WORK ORDER ->
Would you please return the lines of the entries below starting at the line that has "毎日怒られて泣いてたデビュー前の時代 #fruitszipper #ふるっぱー" and ending at the line that has "圆钢H型钢真正让利给买家", both included, exactly as they are?

Short web captions ->
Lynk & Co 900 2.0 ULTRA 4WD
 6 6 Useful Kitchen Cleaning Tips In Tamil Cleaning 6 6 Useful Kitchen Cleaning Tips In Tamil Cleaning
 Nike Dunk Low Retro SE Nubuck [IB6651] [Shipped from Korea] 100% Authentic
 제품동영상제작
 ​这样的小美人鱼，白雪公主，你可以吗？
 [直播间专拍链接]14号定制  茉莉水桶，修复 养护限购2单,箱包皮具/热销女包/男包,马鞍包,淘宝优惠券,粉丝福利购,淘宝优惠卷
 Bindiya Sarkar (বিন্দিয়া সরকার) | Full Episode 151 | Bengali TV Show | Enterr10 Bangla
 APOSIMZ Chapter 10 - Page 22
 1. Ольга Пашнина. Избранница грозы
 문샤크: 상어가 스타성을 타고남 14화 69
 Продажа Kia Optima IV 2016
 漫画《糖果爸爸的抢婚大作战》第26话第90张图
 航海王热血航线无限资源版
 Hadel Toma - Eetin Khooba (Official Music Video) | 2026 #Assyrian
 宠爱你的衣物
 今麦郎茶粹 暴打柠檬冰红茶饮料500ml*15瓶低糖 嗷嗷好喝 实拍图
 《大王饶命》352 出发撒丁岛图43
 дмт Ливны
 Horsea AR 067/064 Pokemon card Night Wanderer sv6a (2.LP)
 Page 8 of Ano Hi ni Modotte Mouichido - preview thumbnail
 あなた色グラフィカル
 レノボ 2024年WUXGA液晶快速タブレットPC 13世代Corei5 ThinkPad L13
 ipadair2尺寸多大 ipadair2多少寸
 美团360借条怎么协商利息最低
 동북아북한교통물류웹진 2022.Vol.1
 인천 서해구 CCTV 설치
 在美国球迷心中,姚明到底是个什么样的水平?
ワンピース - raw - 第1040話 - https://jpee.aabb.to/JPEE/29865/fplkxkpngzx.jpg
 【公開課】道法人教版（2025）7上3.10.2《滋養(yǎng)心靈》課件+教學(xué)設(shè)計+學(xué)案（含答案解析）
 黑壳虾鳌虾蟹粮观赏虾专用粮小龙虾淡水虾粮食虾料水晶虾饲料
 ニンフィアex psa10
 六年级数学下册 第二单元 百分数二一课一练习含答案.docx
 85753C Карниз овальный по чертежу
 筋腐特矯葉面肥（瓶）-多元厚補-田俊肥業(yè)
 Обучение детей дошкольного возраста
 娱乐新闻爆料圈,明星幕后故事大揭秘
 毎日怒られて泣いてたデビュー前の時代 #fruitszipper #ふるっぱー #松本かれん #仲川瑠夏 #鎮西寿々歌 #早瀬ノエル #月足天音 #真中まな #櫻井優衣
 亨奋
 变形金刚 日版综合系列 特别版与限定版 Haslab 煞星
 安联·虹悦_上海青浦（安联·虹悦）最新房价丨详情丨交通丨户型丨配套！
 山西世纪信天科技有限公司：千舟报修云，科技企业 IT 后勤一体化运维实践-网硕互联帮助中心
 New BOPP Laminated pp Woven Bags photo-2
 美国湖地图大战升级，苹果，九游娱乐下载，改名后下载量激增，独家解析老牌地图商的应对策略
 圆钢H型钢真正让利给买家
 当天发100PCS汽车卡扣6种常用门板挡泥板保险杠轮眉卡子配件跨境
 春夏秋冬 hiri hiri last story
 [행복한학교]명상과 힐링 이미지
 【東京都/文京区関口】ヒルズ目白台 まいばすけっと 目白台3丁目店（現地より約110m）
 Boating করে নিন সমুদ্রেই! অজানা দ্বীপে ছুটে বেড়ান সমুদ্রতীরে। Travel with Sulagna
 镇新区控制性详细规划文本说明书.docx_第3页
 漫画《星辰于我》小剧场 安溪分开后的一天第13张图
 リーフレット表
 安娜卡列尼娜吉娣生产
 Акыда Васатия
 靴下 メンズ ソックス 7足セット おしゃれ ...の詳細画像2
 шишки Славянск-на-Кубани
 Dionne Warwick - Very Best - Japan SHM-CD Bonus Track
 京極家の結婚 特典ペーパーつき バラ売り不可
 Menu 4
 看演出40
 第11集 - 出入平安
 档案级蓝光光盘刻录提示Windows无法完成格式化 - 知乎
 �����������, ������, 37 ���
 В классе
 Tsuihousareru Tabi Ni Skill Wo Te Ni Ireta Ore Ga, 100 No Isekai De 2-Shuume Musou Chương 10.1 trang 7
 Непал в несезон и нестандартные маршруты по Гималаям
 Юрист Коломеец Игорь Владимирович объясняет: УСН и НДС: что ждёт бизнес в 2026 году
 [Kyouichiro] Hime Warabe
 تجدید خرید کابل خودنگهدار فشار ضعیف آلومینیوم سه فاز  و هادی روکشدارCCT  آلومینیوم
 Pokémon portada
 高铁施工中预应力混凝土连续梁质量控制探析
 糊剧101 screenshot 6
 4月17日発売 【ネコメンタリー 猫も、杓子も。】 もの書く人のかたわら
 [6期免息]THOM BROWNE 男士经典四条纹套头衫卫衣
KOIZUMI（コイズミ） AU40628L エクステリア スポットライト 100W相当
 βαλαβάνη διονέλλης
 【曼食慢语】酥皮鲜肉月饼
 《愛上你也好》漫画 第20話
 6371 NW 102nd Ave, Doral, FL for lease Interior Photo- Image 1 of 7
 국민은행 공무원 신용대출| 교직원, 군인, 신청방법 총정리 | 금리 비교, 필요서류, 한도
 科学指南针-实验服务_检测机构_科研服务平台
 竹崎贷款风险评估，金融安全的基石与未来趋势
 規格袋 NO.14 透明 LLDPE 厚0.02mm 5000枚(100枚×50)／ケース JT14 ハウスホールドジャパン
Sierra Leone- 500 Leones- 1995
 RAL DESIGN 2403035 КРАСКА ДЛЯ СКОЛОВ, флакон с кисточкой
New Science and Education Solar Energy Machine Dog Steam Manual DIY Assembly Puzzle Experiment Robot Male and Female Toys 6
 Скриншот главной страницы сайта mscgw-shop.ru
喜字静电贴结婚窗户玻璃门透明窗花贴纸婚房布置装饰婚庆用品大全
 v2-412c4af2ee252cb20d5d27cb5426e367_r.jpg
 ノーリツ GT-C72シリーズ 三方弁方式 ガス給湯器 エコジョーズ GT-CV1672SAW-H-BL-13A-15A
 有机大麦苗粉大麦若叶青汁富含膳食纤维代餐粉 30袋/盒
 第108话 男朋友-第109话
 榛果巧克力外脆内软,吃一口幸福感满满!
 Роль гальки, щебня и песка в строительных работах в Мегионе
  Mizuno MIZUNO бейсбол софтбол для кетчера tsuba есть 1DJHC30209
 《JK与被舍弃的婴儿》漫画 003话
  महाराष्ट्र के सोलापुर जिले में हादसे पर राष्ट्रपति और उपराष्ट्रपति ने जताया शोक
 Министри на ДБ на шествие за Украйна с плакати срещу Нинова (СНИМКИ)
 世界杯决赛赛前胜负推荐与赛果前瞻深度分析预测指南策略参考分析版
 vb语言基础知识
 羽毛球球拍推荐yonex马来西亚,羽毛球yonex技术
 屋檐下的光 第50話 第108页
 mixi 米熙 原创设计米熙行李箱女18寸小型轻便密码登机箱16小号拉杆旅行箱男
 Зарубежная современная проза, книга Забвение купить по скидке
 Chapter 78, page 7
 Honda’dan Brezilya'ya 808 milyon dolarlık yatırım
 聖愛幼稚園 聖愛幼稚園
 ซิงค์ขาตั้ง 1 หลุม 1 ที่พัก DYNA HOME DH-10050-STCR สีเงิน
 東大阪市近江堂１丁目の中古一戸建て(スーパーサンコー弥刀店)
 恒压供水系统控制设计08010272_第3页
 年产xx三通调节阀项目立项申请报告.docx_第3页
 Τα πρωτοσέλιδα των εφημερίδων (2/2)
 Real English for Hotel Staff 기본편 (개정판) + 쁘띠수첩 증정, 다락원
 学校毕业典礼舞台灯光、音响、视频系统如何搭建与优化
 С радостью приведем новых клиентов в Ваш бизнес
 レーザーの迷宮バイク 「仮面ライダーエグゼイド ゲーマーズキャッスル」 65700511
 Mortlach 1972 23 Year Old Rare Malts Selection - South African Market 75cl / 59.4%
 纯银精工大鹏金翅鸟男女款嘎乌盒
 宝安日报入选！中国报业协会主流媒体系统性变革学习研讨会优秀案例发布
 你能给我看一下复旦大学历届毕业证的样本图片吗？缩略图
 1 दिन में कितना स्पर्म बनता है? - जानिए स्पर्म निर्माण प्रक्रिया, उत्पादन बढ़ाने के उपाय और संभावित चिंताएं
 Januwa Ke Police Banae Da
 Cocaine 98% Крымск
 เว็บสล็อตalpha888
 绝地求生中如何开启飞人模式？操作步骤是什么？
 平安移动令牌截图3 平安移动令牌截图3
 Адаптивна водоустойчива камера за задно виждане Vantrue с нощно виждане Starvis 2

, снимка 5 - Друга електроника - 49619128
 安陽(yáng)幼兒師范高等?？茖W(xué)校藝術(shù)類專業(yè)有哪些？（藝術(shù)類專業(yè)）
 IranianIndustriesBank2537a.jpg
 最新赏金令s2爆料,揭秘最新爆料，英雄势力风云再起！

ANSWER FOR THIS EXERCISE ->
 毎日怒られて泣いてたデビュー前の時代 #fruitszipper #ふるっぱー #松本かれん #仲川瑠夏 #鎮西寿々歌 #早瀬ノエル #月足天音 #真中まな #櫻井優衣
 亨奋
 变形金刚 日版综合系列 特别版与限定版 Haslab 煞星
 安联·虹悦_上海青浦（安联·虹悦）最新房价丨详情丨交通丨户型丨配套！
 山西世纪信天科技有限公司：千舟报修云，科技企业 IT 后勤一体化运维实践-网硕互联帮助中心
 New BOPP Laminated pp Woven Bags photo-2
 美国湖地图大战升级，苹果，九游娱乐下载，改名后下载量激增，独家解析老牌地图商的应对策略
 圆钢H型钢真正让利给买家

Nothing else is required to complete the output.